From: George Dunlap <george.dunlap@eu.citrix.com>
To: Dario Faggioli <raistlin@linux.it>
Cc: Andre Przywara <andre.przywara@amd.com>,
Ian Campbell <Ian.Campbell@citrix.com>,
Stefano Stabellini <Stefano.Stabellini@eu.citrix.com>,
Juergen Gross <juergen.gross@ts.fujitsu.com>,
Ian Jackson <Ian.Jackson@eu.citrix.com>,
"xen-devel@lists.xen.org" <xen-devel@lists.xen.org>,
Jan Beulich <JBeulich@suse.com>
Subject: Re: [PATCH 07 of 10 [RFC]] sched_credit: Let the scheduler know about `node affinity`
Date: Fri, 27 Apr 2012 15:45:12 +0100 [thread overview]
Message-ID: <4F9AB0F8.10102@eu.citrix.com> (raw)

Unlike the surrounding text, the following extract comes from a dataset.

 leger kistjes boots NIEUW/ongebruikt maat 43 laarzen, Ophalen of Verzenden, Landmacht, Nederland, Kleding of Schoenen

In-Reply-To: <1f4b55806de9e7109ff6.1334150274@Solace>
On 11/04/12 14:17, Dario Faggioli wrote:
> Basic idea is: cpu-affinity tells where a vcpu can run,
> while node-affinity tells where (in terms of on what NUMA nodes,
> but that of course imply a set of CPUs) all the vcpus of the
> domain should/prefer to run... Problems starts when you have
> both of them speaking at the same time!
>
> Respecting vcpu-affinity should remain the primary concern, thus
> what we do here is add some two-step logic here and there in the
> scheduler (i.e., where vcpu-affinity related decisions are being
> undertaken). During the first step, we check the `&&` of vcpu and
> node affinity masks, aiming at giving some precedence to the CPUs
> that are both suitable and preferrable for the domain. However,
> if that fails in finding a valid CPU, the node-affinity is just
> ignored and, in the second step, we just fallback to vcpu-affinity,
> as the original behaviour was.
>
> Both the introduced overhead and the benefits this provides has
> to be investigated and compared against each other, possibly in
> varying conditions and running different workloads.
>
> Finally, although still at the RFC level, efforts have been made
> to write the code in a flexible enough fashion so that, if we
> ever want to introduce further balancing steps, it shouldn't be
> too much of a pain.
>
> TODO: * Better investigate and test interactions with cpupools.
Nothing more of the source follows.